Broader land and housing crisis
The question of student accommodation cannot be separated from the broader land and housing crisis in Cape Town. The face of that crisis has always been black. From forced removals to backyard dwellings, from overcrowded flats to informal settlements, black people have borne the burden of spatial injustice. When universities ignore this reality, they effectively side with it.
What is most troubling is how the 60km clause turns structural inequality into an individual failing. Students are asked to prove that their homes are “bad enough”. Poverty becomes something to perform, to narrate convincingly in front of an administrator. Trauma is reduced to paperwork. And even then, there are no guarantees.
This process is humiliating. It teaches young people, fresh out of high school, that access to education requires not just merit or effort, but the ability to make suffering legible and believable to authority.
Worse still, the policy unintentionally pushes students toward dishonesty and risk. Faced with exclusion, many are forced to falsify proof of address in order to qualify for residence. This is not because they are immoral, but because the system leaves them with no real alternatives. A policy that encourages survival through deception is a failed policy.
Let us be clear: this is not an argument against prioritising students from outside Cape Town. Many of them also come from deeply disadvantaged backgrounds and deserve accommodation. The problem is not prioritisation — it is the basis on which prioritisation happens.
A fairer measure: Class, history and conditions
Distance from campus is a blunt and lazy measure of disadvantage.
What should matter is class, history, and material conditions. Prior disadvantage, not geography, must be the guiding principle. A student living 20km away in an overcrowded shack with no electricity is not more privileged than a student living 200km away in a stable household. Treating them as such is not neutral — it is unjust.
The consequences of exclusion do not end at inconvenience. They spill into violence. Students who are denied residence often end up couch-surfing, squatting or occupying abandoned buildings. In doing so, they expose themselves to crime, police harassment, eviction and gender-based violence – all for simply wanting to study.
This is not resilience.

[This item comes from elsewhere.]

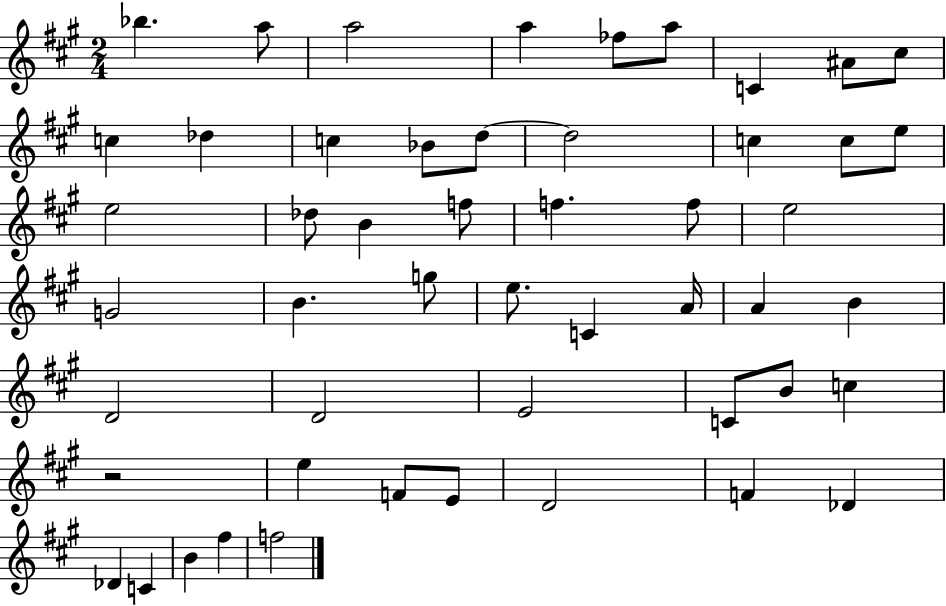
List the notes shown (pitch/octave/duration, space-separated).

Bb5/q. A5/e A5/h A5/q FES5/e A5/e C4/q A#4/e C#5/e C5/q Db5/q C5/q Bb4/e D5/e D5/h C5/q C5/e E5/e E5/h Db5/e B4/q F5/e F5/q. F5/e E5/h G4/h B4/q. G5/e E5/e. C4/q A4/s A4/q B4/q D4/h D4/h E4/h C4/e B4/e C5/q R/h E5/q F4/e E4/e D4/h F4/q Db4/q Db4/q C4/q B4/q F#5/q F5/h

It is desperation.
Recent scenes of CPUT students protesting outside the District Six campus with their bags tell a similar story. These are not isolated incidents or institutional anomalies. They are symptoms of a higher education system struggling — and often failing — to respond to structural inequality. Across the country, black students are made to carry the cost of a housing crisis they did not create.
For many black families, education is not about prestige or social mobility in the abstract. It is about survival. It is about breaking cycles of poverty. It is the one tool available to poor people to change their lives. When access to education is undermined by housing insecurity, the promise of democracy itself is weakened.
Universities like UWC have both the intellectual capacity and the moral responsibility to do better. This means revisiting residence policies with honesty and courage. It means acknowledging that apartheid did not end in 1994 — it lives on in space, in policy, and in whose suffering is normalised.
The 60km clause should be abolished. In its place must be a housing framework rooted in social justice, historical awareness and lived realities. Anything less turns residence into a privilege for the already advantaged and a test of endurance for everyone else.
If UWC is to remain true to its radical legacy, it must listen to the students standing in its courtyards with bags in their hands and uncertainty in their eyes. Their presence is not an inconvenience. It is a message.
And it is long overdue. DM
Sibusiso Xabangela holds an honours degree from UWC's Institute for Poverty, Land and Agrarian Studies and is a social justice activist, researcher and popular educator based in Cape Town.